Whether you are published traditionally or self published, authors must do the lion’s share of promoting their own books.
• Start promotion at least three months prior to publication and continue for six to eight months after your title is released.
• Create a website, YouTube account, and social media pages. Use a video, photos, a book sample, and reviews.
• Solicit reviews to give your book a broader context with which to reach a wide audience, they sell books and help establish an author as an authority.
• Participate in events for readings, seminars, conferences, public speaking, etc.
• Work with a publicist if you can afford it, though the return on investment may be low. The key is to have well defined goals and good management skills.
• Purchase low-cost advertising with sites like Twitter and Facebook.
• Sponsored posts can be purchased with blog sites that are dedicated to books.
• Submit articles to high exposure sites that are interested in your subject.
• Develop a mailing list with using a program like mailchimp.com,constantcontact.com, or ymlp.com.
• Start and account with usps.com to send books inexpensively through the post by priority mail. Typically $5.05 per trade paperback.
The publication date of your book is all-important. Be prepared to begin implementing your marketing plan a year in advance of the publication date, using your prerelease cover image and author photo to establish your website and build social media platforms. You will need a domain name, a web host, a cover image and preview pages of your book, and content in the form of images and text.
• Consider branding, length, and keywords when choosing a domain name. A typical yearly fee for a domain name is $11.95.
• A Web host is a service that owns the computers where the pages and files that make up your site are located on the Internet and are made available to Web browsers. A typical yearly fee is $105.00 for Web hosting.
• Social Media Platforms are accounts, pages, and groups on LinkedIn, Facebook,
Twitter, Amazon Author Central, Goodreads, GooglePlus (all authors), and Pinterest (if pictures feature in your work) and others particular to your subject.
• YouTube and Vimeo are popular sites for sharing video.
Print and Distribute
Traditional publishers print and warehouse their books to distribute in-house or through a distributor. Self-publishers can also print in volume or print one book at a time as needed.
• A traditional printing, or print run, means using an off-set book printing company to produce a specified number of books in a single order, typically 1,000 to 5,000. See www.datarepro.com, www.unitedbookpress.com for traditional print runs.
• Print-on-demand (POD) technology means printing one, or several books, as they are needed. POD eliminates the need for warehousing, and POD printers also provide distribution.

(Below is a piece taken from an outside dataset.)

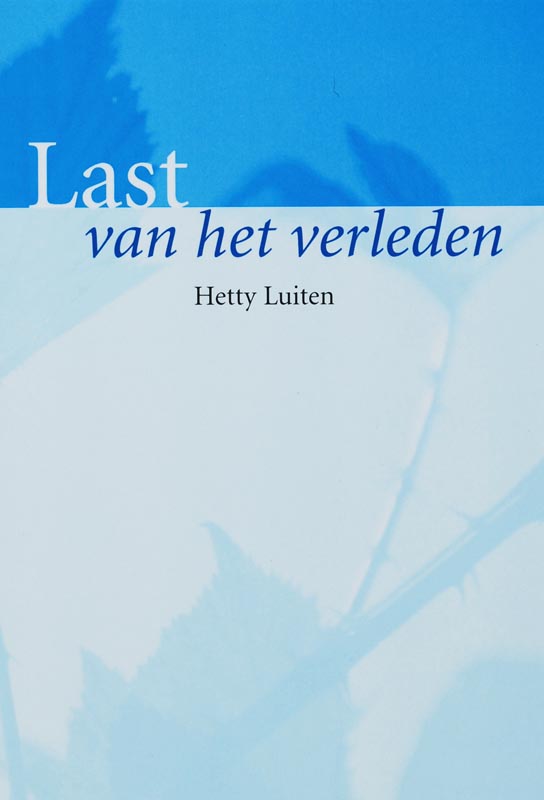 Omslag van Last van het verleden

Each of the following has its strong points and limitations, www.lulu.com, www.ingramspark.com, www.createspace.com, and www.lightningsource.com. There are many more vendors online. Jan Camp can help you choose the one that is right for your project.
Unlike a printed book, in which pages adhere to size and format, an e-book is a collection of files delivered to a reading device, much like a website. Text and images are served up as needed and appear in the space provided by the browser or reader. Your book can also be published on your own website as a PDF file. File formats for readers vary, and self-publishers have several publishing options.
• Format your own book using text or EPUB software, and upload individually to Amazon for Kindle, Barnes and Noble for Nook, iTunes for iBook on phones and iPads, and Kobo for Kobo reader.
• Use an aggregate service to crunch an EPUB or text file into the various formats for distribution to many publishing partners, including the ones mentioned above. Cost and royalties vary at www.smashwords.com, www.bookbaby.com, and www.ingramspark.com.
• Big publishers traditionally want to see high sales immediately in order to continue promotion.
• Small and micro publishers tend to have less budget for promotion at book launch but more attention span over the years.
• Self published-books often have a slow and long life, distribution happening largely by word of mouth as the author builds his or her network. If the topic is hot and a book is reviewed with wide exposure, distribution may spike initially and then fall off. The cycle of sales reflects the persistence, life-style, and values in which the promotion of a self-published book is carried out.